** What is required **
Lines to return, exactly: from the line with "The commands are" to the line with "During the measurement, so" in the entries below, both included.

** Given records **
################

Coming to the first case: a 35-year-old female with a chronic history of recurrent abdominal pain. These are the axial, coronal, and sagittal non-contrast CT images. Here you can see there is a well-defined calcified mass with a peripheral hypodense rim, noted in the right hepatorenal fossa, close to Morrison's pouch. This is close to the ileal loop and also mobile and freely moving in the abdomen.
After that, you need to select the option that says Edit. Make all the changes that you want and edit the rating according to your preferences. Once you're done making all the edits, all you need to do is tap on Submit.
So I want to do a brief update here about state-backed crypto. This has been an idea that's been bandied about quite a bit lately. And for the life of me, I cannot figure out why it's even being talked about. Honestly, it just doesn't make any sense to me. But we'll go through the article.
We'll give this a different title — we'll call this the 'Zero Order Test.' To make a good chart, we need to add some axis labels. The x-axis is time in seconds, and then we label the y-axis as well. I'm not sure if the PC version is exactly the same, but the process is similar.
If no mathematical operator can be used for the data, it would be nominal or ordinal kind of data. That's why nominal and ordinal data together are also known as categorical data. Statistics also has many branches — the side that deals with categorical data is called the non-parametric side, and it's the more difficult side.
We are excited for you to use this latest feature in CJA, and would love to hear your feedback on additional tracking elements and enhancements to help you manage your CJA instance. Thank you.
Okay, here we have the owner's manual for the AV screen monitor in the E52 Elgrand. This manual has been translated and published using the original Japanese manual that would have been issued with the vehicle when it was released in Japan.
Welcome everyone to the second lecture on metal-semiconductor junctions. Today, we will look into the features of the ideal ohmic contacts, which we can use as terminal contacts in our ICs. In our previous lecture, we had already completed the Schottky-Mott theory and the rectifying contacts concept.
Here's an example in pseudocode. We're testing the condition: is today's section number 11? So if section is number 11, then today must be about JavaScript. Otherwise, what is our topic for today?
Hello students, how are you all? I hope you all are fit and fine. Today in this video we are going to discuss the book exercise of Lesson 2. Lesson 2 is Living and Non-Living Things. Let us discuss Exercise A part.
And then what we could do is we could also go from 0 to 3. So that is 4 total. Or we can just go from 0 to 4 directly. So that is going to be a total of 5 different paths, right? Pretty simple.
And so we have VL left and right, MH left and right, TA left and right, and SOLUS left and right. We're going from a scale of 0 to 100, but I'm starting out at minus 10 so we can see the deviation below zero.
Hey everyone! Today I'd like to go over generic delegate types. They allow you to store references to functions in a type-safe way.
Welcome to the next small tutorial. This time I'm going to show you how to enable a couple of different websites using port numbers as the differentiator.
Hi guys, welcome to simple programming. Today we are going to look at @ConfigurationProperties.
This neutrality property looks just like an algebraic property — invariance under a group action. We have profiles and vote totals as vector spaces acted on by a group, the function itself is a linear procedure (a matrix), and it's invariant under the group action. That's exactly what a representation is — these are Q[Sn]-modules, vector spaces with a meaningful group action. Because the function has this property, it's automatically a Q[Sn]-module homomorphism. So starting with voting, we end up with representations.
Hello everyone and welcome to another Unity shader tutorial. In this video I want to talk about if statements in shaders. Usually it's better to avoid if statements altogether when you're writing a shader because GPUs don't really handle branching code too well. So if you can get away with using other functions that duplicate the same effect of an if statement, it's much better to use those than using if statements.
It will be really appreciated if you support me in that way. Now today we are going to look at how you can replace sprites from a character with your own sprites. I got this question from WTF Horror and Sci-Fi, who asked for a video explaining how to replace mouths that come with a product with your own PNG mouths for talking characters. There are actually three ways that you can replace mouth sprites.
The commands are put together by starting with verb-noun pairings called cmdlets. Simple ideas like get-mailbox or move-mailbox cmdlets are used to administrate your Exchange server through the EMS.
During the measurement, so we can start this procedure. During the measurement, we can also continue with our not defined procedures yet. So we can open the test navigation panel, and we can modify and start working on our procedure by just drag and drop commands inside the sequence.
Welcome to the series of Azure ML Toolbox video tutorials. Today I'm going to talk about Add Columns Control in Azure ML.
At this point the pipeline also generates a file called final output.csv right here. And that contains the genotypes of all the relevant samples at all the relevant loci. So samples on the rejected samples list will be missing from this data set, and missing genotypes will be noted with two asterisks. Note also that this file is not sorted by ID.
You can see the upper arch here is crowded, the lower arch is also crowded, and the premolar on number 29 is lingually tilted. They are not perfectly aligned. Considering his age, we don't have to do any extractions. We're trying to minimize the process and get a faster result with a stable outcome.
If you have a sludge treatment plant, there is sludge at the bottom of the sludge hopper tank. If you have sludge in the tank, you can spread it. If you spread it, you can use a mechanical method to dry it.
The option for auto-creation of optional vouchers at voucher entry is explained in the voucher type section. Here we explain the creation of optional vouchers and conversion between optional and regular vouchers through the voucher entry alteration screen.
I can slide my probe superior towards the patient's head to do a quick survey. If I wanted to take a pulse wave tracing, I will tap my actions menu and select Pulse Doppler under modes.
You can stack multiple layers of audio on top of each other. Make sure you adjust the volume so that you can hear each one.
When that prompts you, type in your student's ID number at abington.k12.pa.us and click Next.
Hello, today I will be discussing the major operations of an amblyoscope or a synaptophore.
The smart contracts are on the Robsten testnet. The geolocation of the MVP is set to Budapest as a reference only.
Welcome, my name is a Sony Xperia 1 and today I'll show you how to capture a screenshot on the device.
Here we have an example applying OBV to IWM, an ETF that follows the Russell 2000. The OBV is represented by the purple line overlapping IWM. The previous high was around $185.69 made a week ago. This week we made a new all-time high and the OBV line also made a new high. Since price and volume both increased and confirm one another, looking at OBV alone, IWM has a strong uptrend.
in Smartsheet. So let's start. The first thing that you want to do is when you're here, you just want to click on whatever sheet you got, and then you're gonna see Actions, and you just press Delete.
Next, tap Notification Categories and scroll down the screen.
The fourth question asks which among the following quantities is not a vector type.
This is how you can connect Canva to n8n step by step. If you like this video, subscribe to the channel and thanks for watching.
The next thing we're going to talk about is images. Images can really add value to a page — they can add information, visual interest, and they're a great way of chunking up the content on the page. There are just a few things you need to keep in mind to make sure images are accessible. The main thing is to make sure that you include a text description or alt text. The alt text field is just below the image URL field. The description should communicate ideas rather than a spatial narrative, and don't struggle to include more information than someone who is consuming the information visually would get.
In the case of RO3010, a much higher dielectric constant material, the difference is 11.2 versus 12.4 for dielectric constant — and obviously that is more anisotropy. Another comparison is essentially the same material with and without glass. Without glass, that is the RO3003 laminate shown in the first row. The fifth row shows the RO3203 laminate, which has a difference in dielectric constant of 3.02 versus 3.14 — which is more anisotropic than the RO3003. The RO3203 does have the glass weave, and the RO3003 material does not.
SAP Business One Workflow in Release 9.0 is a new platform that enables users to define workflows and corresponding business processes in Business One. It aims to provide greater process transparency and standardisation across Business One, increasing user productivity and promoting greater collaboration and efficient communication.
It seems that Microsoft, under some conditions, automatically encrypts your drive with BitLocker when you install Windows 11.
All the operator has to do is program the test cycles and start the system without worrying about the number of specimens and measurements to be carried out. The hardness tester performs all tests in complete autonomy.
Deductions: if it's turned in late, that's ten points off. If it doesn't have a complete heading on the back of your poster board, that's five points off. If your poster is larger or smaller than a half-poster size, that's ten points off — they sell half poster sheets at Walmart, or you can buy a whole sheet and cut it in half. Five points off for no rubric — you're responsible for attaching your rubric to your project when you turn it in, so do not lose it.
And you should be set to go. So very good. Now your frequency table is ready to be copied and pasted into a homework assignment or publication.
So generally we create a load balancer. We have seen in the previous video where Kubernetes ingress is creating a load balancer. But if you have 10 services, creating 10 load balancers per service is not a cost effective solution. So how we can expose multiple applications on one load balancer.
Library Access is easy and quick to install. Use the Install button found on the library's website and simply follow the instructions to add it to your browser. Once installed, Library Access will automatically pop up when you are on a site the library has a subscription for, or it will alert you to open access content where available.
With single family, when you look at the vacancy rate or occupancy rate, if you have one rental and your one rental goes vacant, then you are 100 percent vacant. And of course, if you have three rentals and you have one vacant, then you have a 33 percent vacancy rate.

################

** Exercise response **
The commands are put together by starting with verb-noun pairings called cmdlets. Simple ideas like get-mailbox or move-mailbox cmdlets are used to administrate your Exchange server through the EMS.
During the measurement, so we can start this procedure. During the measurement, we can also continue with our not defined procedures yet. So we can open the test navigation panel, and we can modify and start working on our procedure by just drag and drop commands inside the sequence.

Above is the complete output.